Prep Time 15 minutes
Cook Time 25 minutes
Servings: 4

Ingredients
  

For the Main Dish
  • 1 lb boneless skinless chicken breasts, cut into bite-sized pieces
  • 1 tablespoon olive oil
  • 1 cup orzo pasta
  • 2 cups baby spinach
For the Sauce
  • 2 tablespoons unsalted butter
  • 3 cloves garlic minced
  • 1 1/2 cups heavy cream
  • 1 cup freshly grated Parmesan cheese
  • Salt and freshly ground black pepper to taste
For Garnish
  • 2 tablespoons chopped fresh parsley
  • Extra Parmesan cheese for serving

Method
 

Preparation
  1. Cut the chicken breasts into bite-sized pieces and season lightly with salt and pepper.
  2. Mince the garlic cloves and chop the fresh parsley for garnish.
  3. Measure out the orzo pasta and have all sauce ingredients ready.
Cooking
  1. Heat olive oil in a large skillet over medium-high heat and cook the chicken pieces until golden brown and cooked through, about 6-8 minutes. Remove chicken and set aside.
  2. In the same skillet, melt the butter over medium heat and add the minced garlic. Sauté until fragrant, about 1 minute, being careful not to burn the garlic.
  3. Pour in the heavy cream and bring to a gentle simmer.

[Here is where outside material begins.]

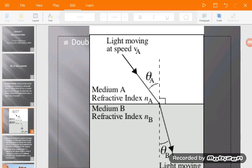As we can see, light goes from medium A to medium B. When it moves from medium A to medium B, it bends and drifts from the original line. This is because there is a change in the velocity of the light. When the light goes from medium A to medium B, the two media have different refractive indices, so the speed of light will change, leading to a bending of the light.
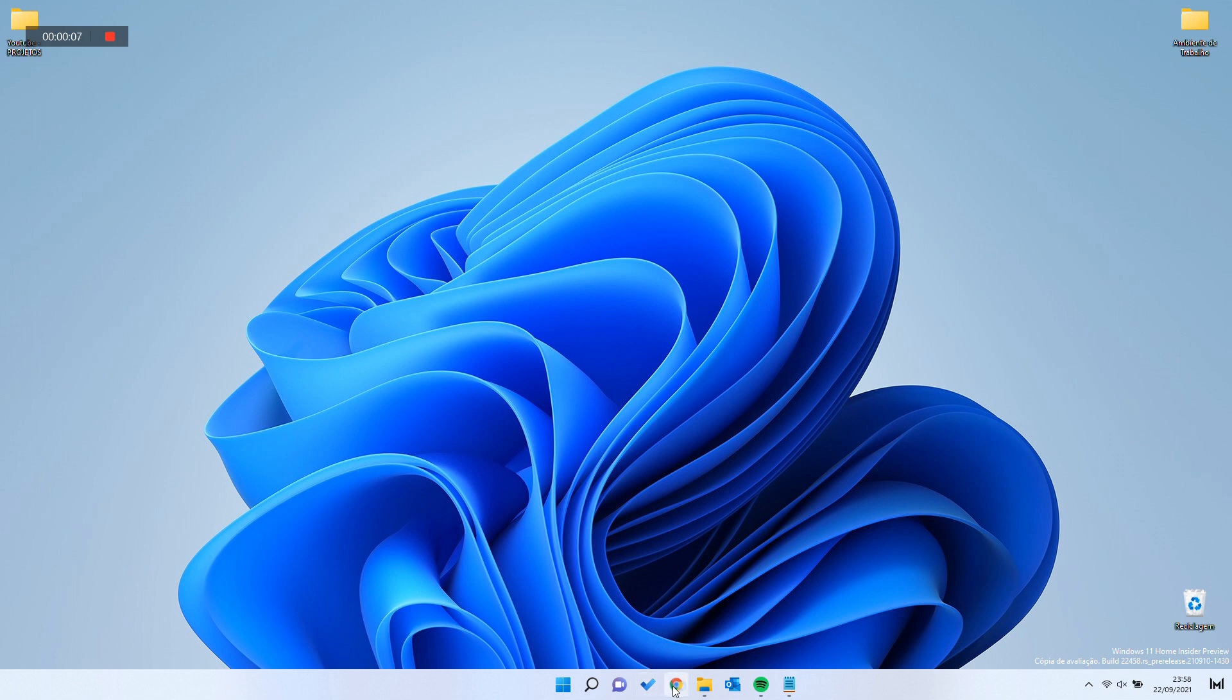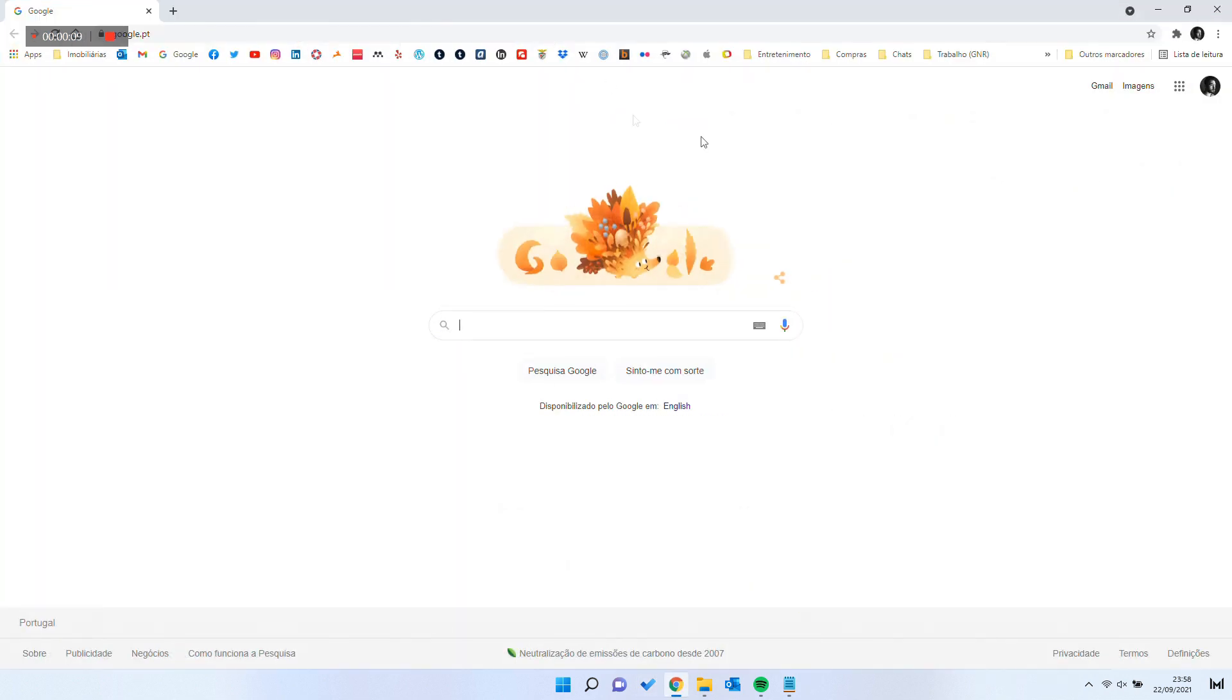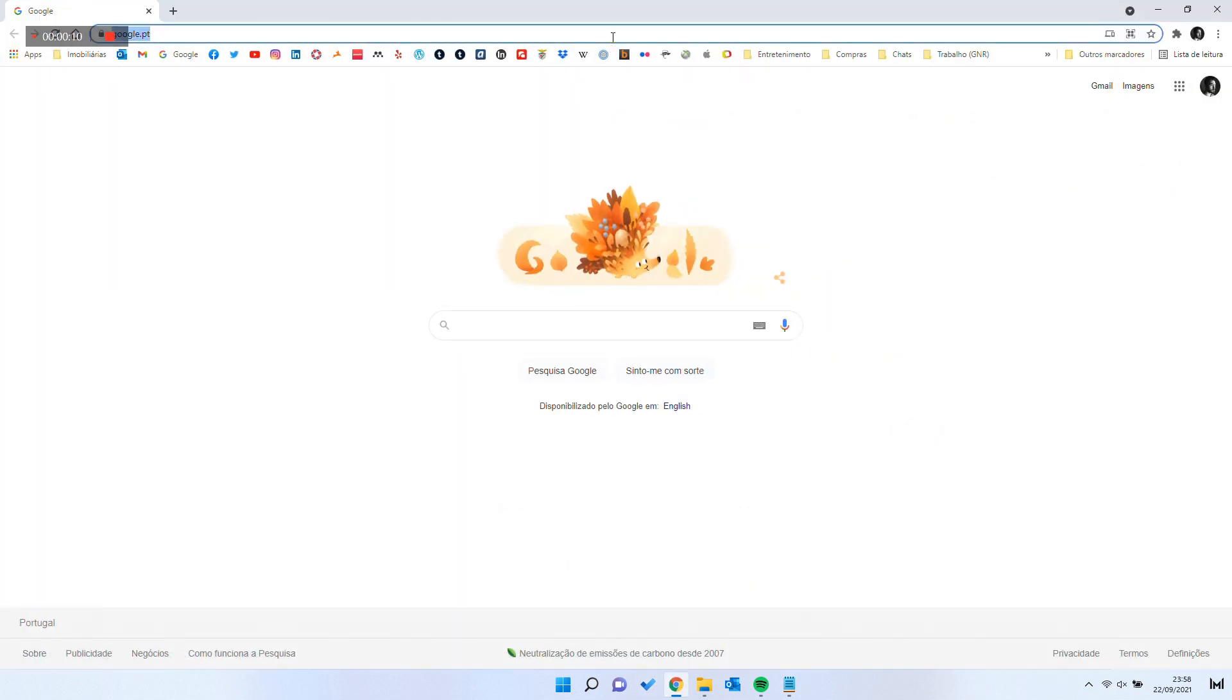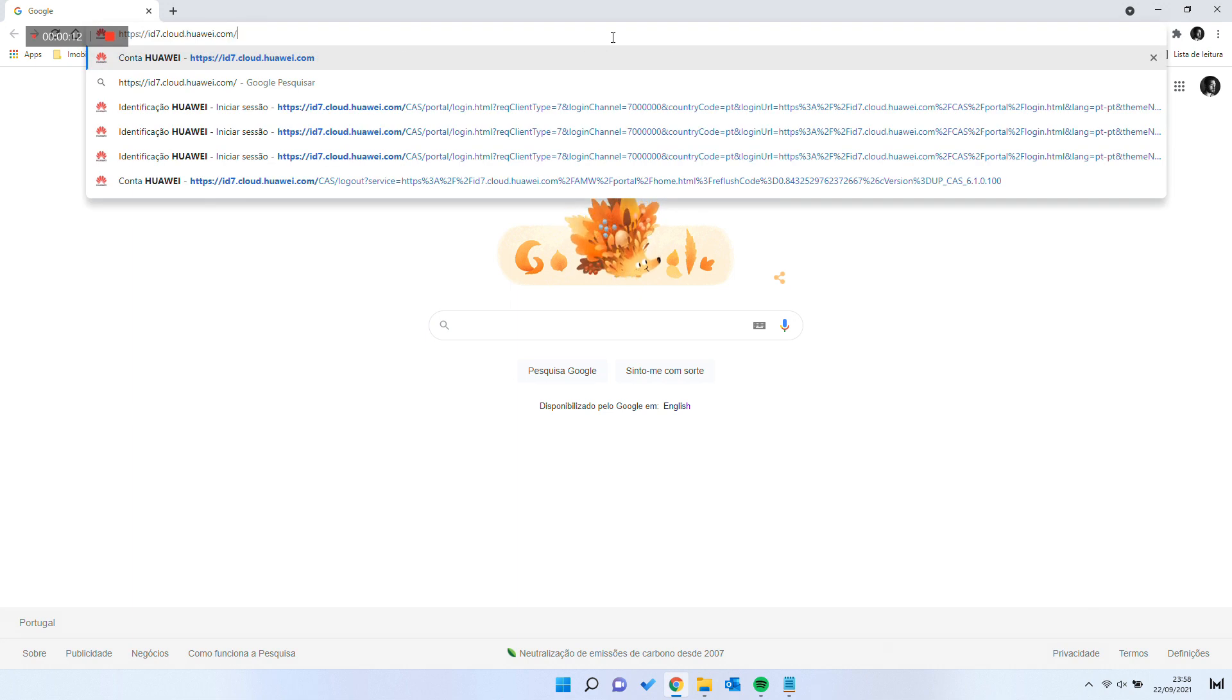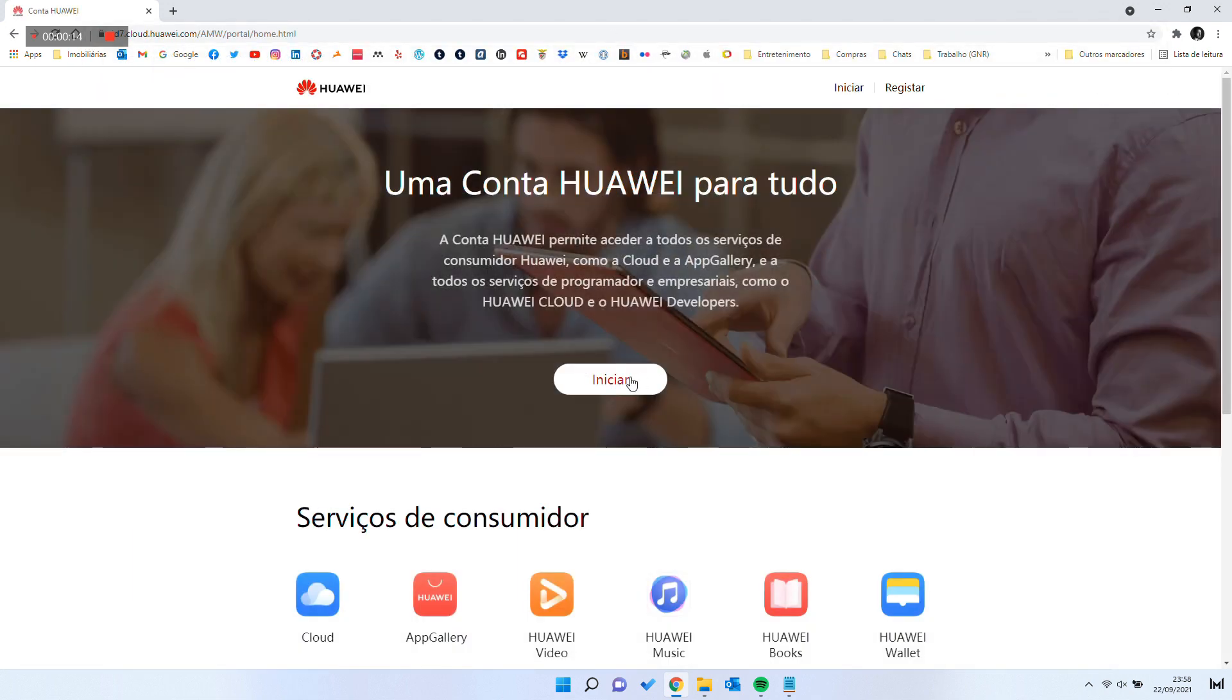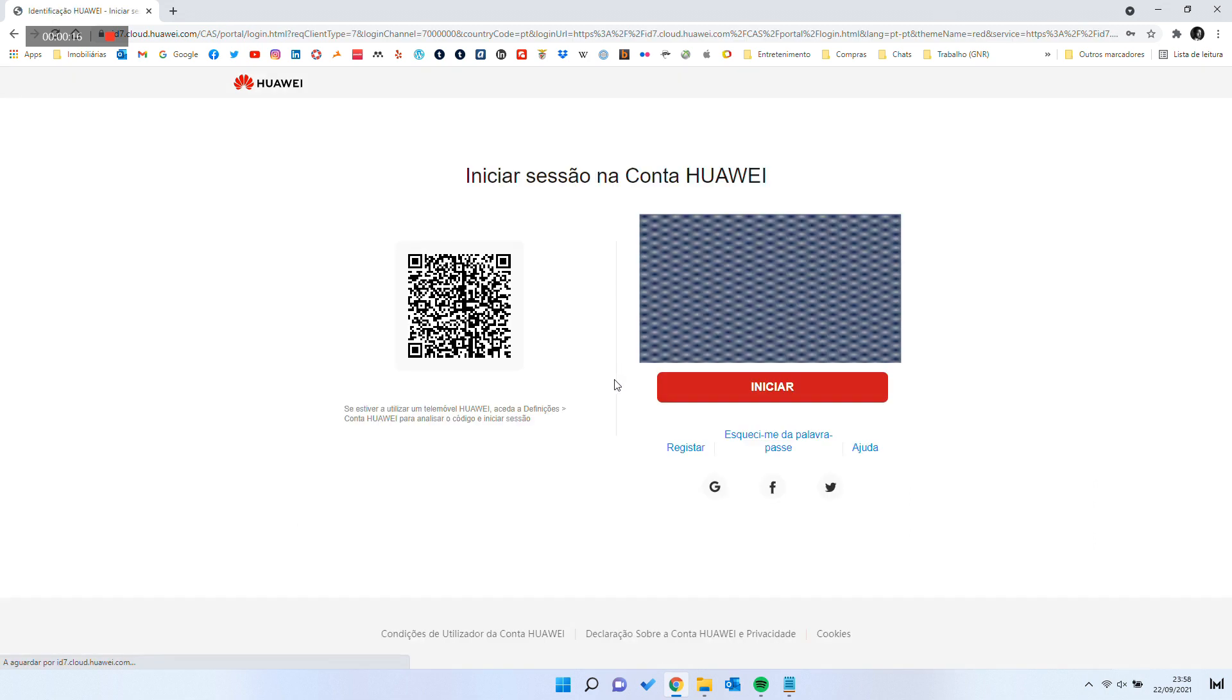First, you need to get your Huawei Health data. For that, go to Huawei login page. The link is in the description. And login to your Huawei ID.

Stir in the Parmesan cheese until melted and smooth, then season the sauce with salt and pepper to taste.
  4. While the sauce simmers, cook the orzo pasta according to package instructions until al dente. Drain and add the orzo to the sauce.
  5. Return the cooked chicken to the skillet along with the baby spinach. Stir everything together and cook for an additional 2-3 minutes until the spinach wilts and the dish is heated through.
Finishing
  1. Garnish the Chicken Alfredo Orzo with chopped fresh parsley and extra Parmesan cheese before serving warm.